→ **YOUR GOAL**
Give a verbatim copy of the data, leaving the pictures out.

→ **STORED DATA**
-=-=-
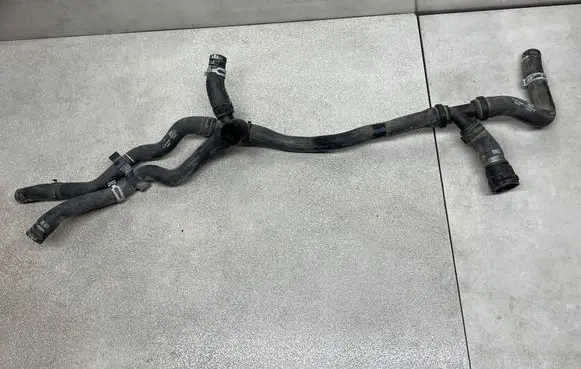 Opel Insignia B Engine coolant pipe/hose 39144361 39144356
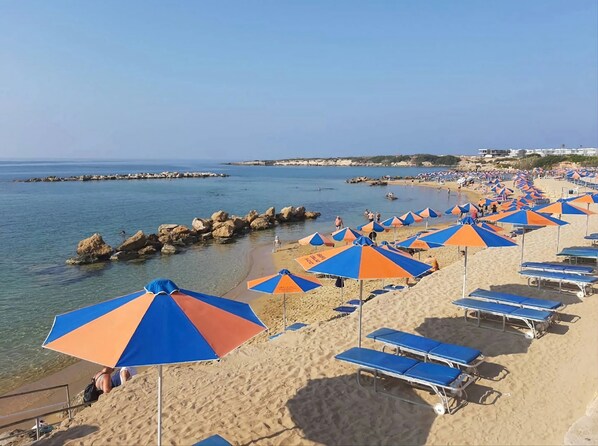 Sun-loungers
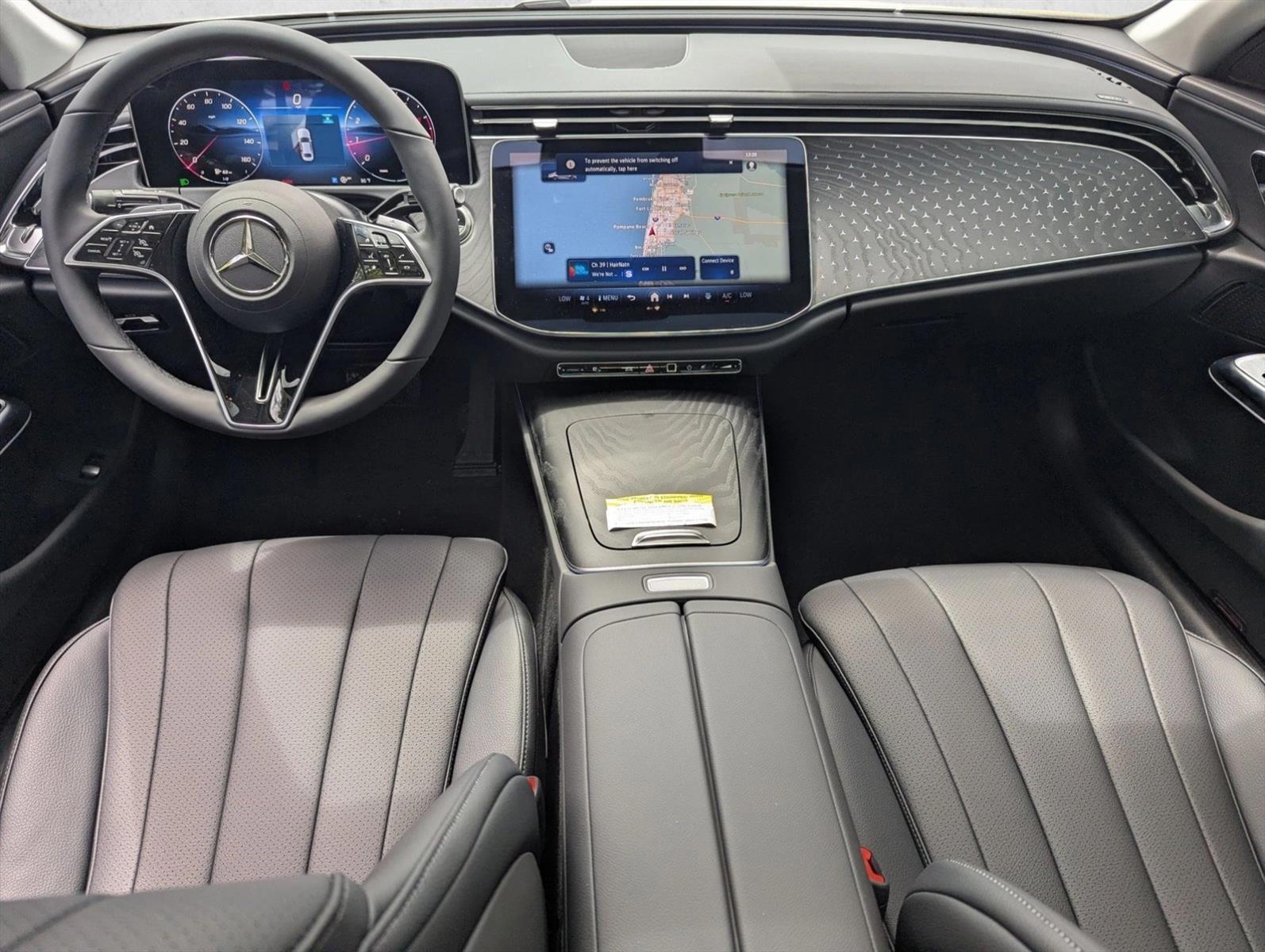 2026 E 350 4MATIC, photo 14 of 16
-=-=-
→ **SOLUTION FOR THIS TASK**
 Opel Insignia B Engine coolant pipe/hose 39144361 39144356
 Sun-loungers
 2026 E 350 4MATIC, photo 14 of 16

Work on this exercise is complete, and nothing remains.